Does anyone know what is meant by Autodesk by “learns”:
“It tests and learns from each iteration what works and what doesn’t.”

Where in the algorithm does it exactly “learn” and how?
Perhaps they’re talking about some conditional operators in their algorithm?

This is a bit of a stretch. It doesn’t actually learn. It just finds the best case inputs for one evolution and uses similar inputs on the next evolution. Over the course of multiple evolutions GD will “learn” the best inputs for a specified/optimized output.

I think this may be useful reading:
https://www.generativedesign.org/

my guess is that statement refers to optimization - for the most part, but not necessarily, each iteration should get closer to optimal (depending on optimization/search algorithm).

GD optimizes based on the values in your Dynamo graph that you try to maximize or minimize.

@Nick_Boyts
@Michael_Kirschner2

Allright, good to know. I was afraid i was missing something AI/ML related.
Thank you for the clarification.

This refers to the process inherent to the NSGA2 algorithm which Generative Design utilizes.
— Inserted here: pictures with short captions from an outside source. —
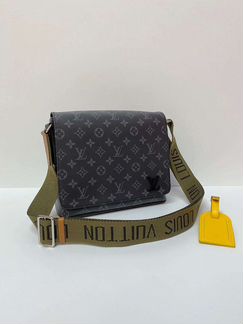 Сумка Louis Vuitton District PM
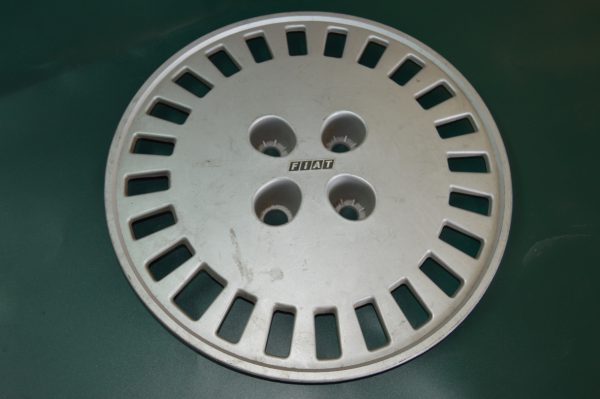 Ref. RCR03 Tampa Roda 14" 4 Parafusos Fiat NOVO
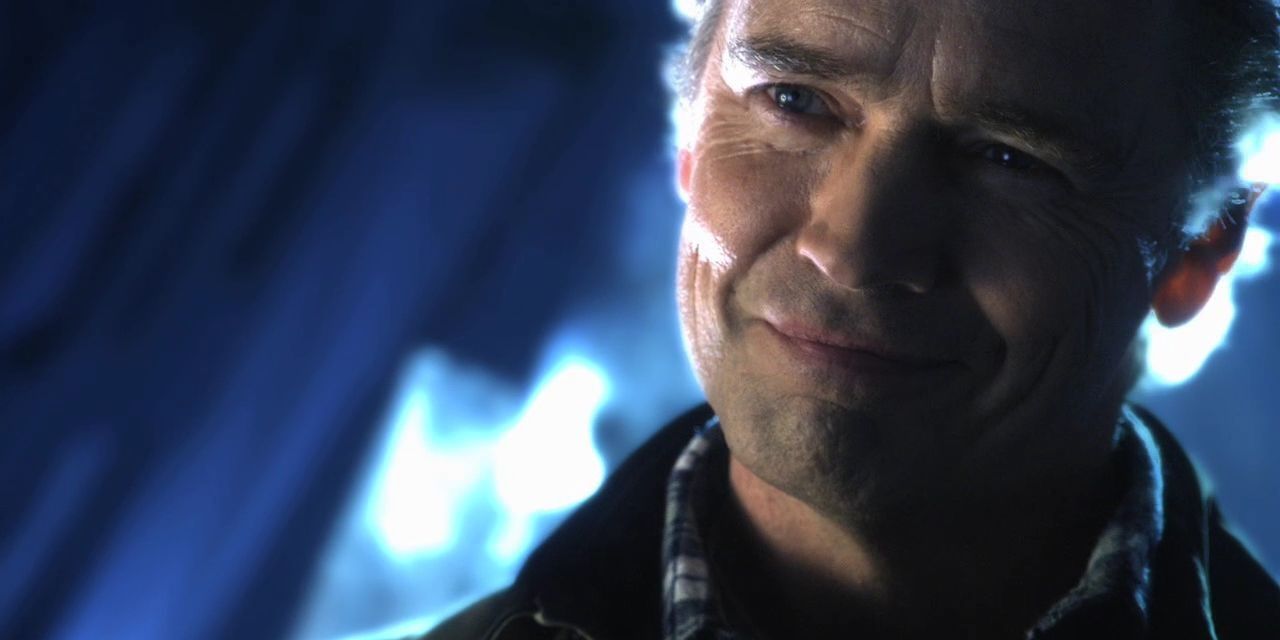 DC: 10 Secrets About The Tom Welling Superman Suit You Missed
Simply put for any optimization study:

A population of inputs is provided between the ‘min’ and ‘max’ value of their domain. This is the first generation of results.

The best performing of those results are added to the ‘hall of fame’ (HOF), and the input values which produced those results are used to inform the input values for the next generation. These are the results you see in the solution browser.
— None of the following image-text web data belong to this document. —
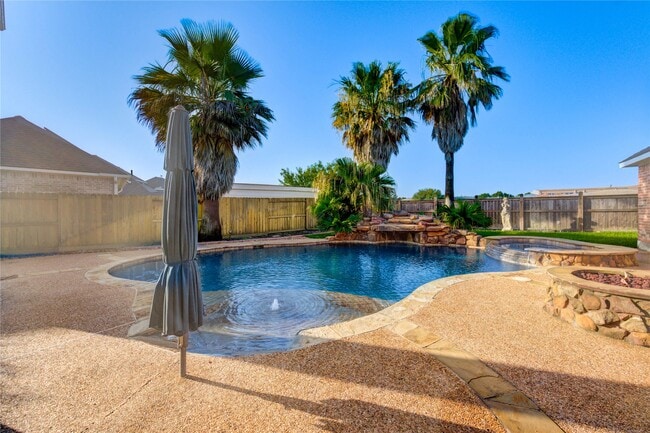 Building Photo - 7803 Courtney Manor Ln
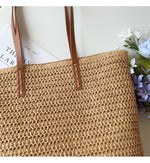 Stilvolle Rattan-Tasche mit Lederriemen für jeden Anlass
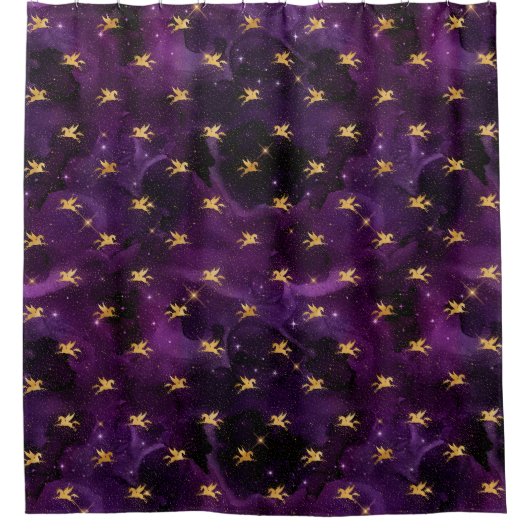 mystischer lila Nachtgoldpegasus Duschvorhang (Vorderseite)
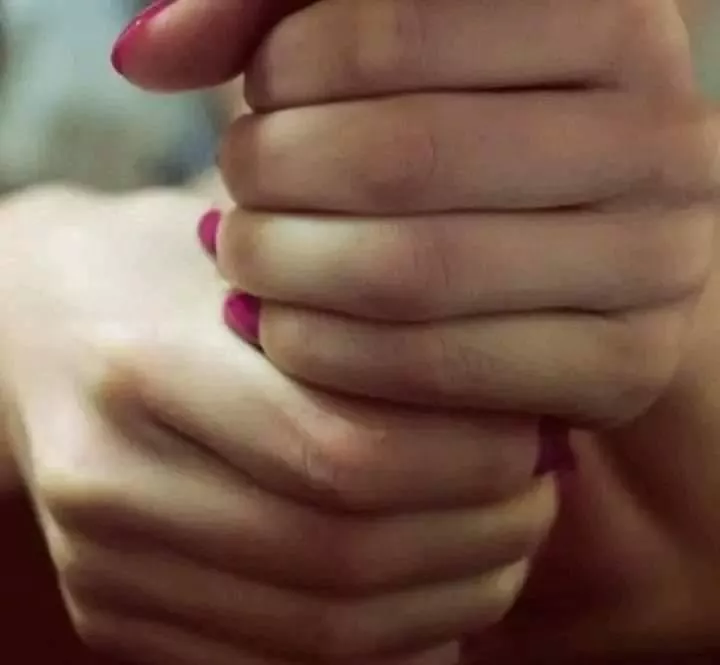 the right way to hold a man's hand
This repeats itself which the ‘higher performing results’ added to the HOF at the conclusion of each population, until you finish processing the given number of generations.

The best way to study this is to build a ‘toy problem’ which will allow you to quickly iterate a series, and do a series of studies. The graphs from the AU session I presented last year with Alexandra Nelson, or the sample graphs which are optimization ready will work for this. First study would be 1 generation with a population of 20. Second study would be 2 generations with a population of 20. Third study would be 3 generations of 20. Fourth study would be 4 - 20. And so on until you start to see something approaching the optimal in your solution space.

With that data set you can then see how the HOF updates on each successive run by comparing the results of any one run against the results of the run after it.